The people in the middle, like the middle class, need to get into center stage for once. The “ordinary” person with MS needs a voice and attention on a national level. We have fallen through the cracks.

If someone wears a pink ribbon, everyone knows what that stands for. If it is an orange ribbon, most people wouldn’t have a clue what it stands for. The MS community needs celebrities with MS like Montel Williams to wear an orange ribbon everyday to increase awareness. The MS community also needs to wear an orange ribbon to build an identity on a daily basis. This includes the top brass of all MS Associations as well as their employees and volunteers.

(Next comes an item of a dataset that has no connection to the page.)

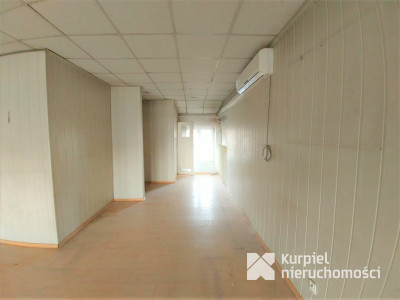 Lokal Komercyjny Zakopiańska 84 m2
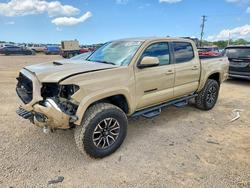 Salvage trucks for sale at Theodore, AL auction: 2020 Toyota Tacoma TRD Sport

But, in addition to awareness, I believe everyone needs a basic understanding of what MS really is:

MS is an unpredictable, invisible, interfering, often disabling neurological disorder that has no cure and isn’t fatal or contagious. One that impacts millions of people, lasts a lifetime, and has immense costs associated with it for every citizen in this country.

If that happens, more support for research, financial assistance, social security disability and other things will happen for multiple sclerosis.

Somehow, we ordinary people with MS who are also the majority have to band together and make this happen. Plus we need advocates at the national level as well.

So please put on your orange ribbon and spread the word!